The Personal Genome Project Canada: findings from whole genome sequences of the inaugural 56 participants

Slideevidd4Miriam S. Reuter, Susan Walker, Bhooma Thiruvahindrapuram, Joe Whitney, Iris Cohn, Neal Sondheimer, Ryan K.C. Yuen, Brett Trost, Tara A. Paton, Sergio L. Pereira, Jo-Anne Herbrick, Richard F. Wintle, Daniele Merico, Jennifer Howe, Jeffrey R. MacDonald, Chao Lu, Thomas Nalpathamkalam, Wilson W.L. Sung, Zhuozhi Wang, Rohan V. Patel, Giovanna Pellecchia, John Wei, Lisa J. Strug, Sherilyn Bell, Barbara Kellam, Melanie M. Mahtani, Anne S. Bassett, Yvonne Bombard, Rosanna Weksberg, Cheryl Shuman, Ronald D. Cohn, Dimitri J. Stavropoulos, Sarah Bowdin, Matthew R. Hildebrandt, Wei Wei, Asli Romm, Peter Pasceri, James Ellis, Peter Ray, M. Stephen Meyn, Nasim Monfared, S. Mohsen Hosseini, Ann M. Joseph-George, Fred W. Keeley, Ryan A. Cook, Marc Fiume, Hin C. Lee, Christian R. Marshall, Jill Davies, Allison Hazell, Janet A. Buchanan, Michael J. Szego and Stephen W. Scherer

BACKGROUND: The Personal Genome Project Canada is a comprehensive public data resource that integrates whole genome sequencing data and health information. We describe genomic variation identified in the initial recruitment cohort of 56 volunteers.

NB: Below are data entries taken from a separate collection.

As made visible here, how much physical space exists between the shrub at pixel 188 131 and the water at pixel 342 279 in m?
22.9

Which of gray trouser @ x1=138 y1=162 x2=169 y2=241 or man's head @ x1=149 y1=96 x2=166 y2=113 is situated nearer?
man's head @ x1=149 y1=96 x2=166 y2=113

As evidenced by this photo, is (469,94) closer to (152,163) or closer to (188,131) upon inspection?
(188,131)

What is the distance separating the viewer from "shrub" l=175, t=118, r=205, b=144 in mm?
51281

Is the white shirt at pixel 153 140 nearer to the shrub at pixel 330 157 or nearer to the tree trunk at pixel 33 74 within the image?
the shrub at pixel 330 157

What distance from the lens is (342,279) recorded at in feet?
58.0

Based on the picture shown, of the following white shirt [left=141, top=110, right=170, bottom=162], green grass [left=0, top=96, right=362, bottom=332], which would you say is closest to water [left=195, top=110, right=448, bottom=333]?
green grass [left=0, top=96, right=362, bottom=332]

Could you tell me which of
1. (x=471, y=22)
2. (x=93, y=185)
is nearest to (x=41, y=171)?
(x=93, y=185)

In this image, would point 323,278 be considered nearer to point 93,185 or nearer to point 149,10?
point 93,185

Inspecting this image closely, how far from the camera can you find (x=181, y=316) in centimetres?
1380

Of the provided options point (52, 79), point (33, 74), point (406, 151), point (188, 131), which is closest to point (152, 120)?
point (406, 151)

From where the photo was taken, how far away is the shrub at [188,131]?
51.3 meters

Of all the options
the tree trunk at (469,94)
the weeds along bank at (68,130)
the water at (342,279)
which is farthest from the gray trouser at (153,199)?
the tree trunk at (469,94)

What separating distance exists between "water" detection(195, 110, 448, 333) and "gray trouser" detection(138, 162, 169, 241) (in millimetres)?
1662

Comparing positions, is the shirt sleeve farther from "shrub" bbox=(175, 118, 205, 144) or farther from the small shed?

METHODS: Volunteers were screened for eligibility and provided informed consent for open data sharing. Using blood DNA, we performed whole genome sequencing and identified all possible classes of DNA variants. A genetic counsellor explained the implication of the results to each participant.

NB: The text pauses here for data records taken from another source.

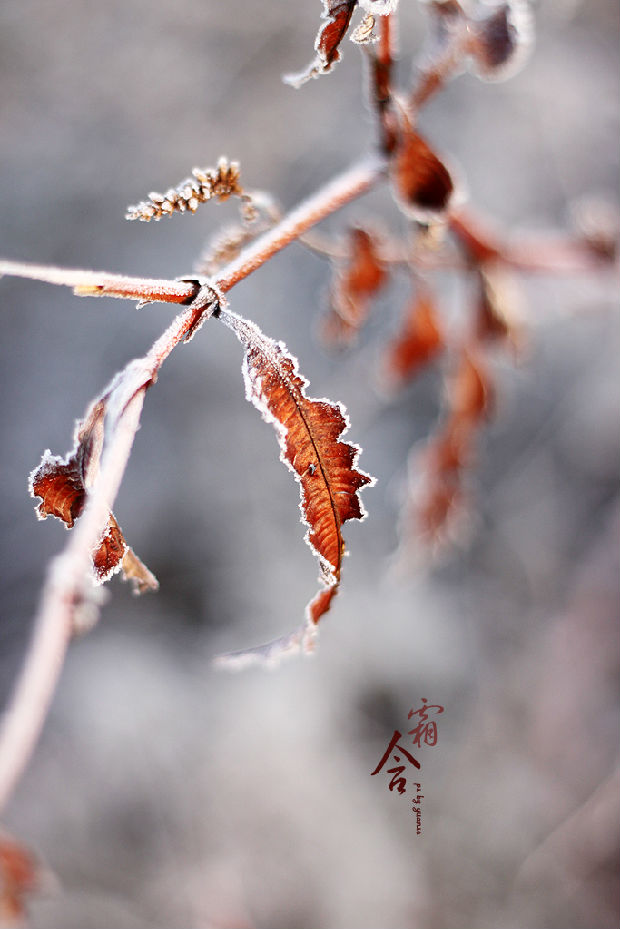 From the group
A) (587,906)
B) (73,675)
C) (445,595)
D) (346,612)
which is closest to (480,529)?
(445,595)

RESULTS: Whole genome sequencing of the first 56 participants identified 207 662 805 sequence variants and 27 494 copy number variations. We analyzed a prioritized disease-associated data set (n = 1606 variants) according to standardized guidelines, and interpreted 19 variants in 14 participants (25%) as having obvious health implications. Six of these variants (e.g., in BRCA1 or mosaic loss of an X chromosome) were pathogenic or likely pathogenic. Seven were risk factors for cancer, cardiovascular or neurobehavioural conditions. Four other variants — associated with cancer, cardiac or neurodegenerative phenotypes — remained of uncertain significance because of discrepancies among databases. We also identified a large structural chromosome aberration and a likely pathogenic mitochondrial variant. There were 172 recessive disease alleles (e.g., 5 individuals carried mutations for cystic fibrosis). Pharmacogenomics analyses revealed another 3.9 potentially relevant genotypes per individual.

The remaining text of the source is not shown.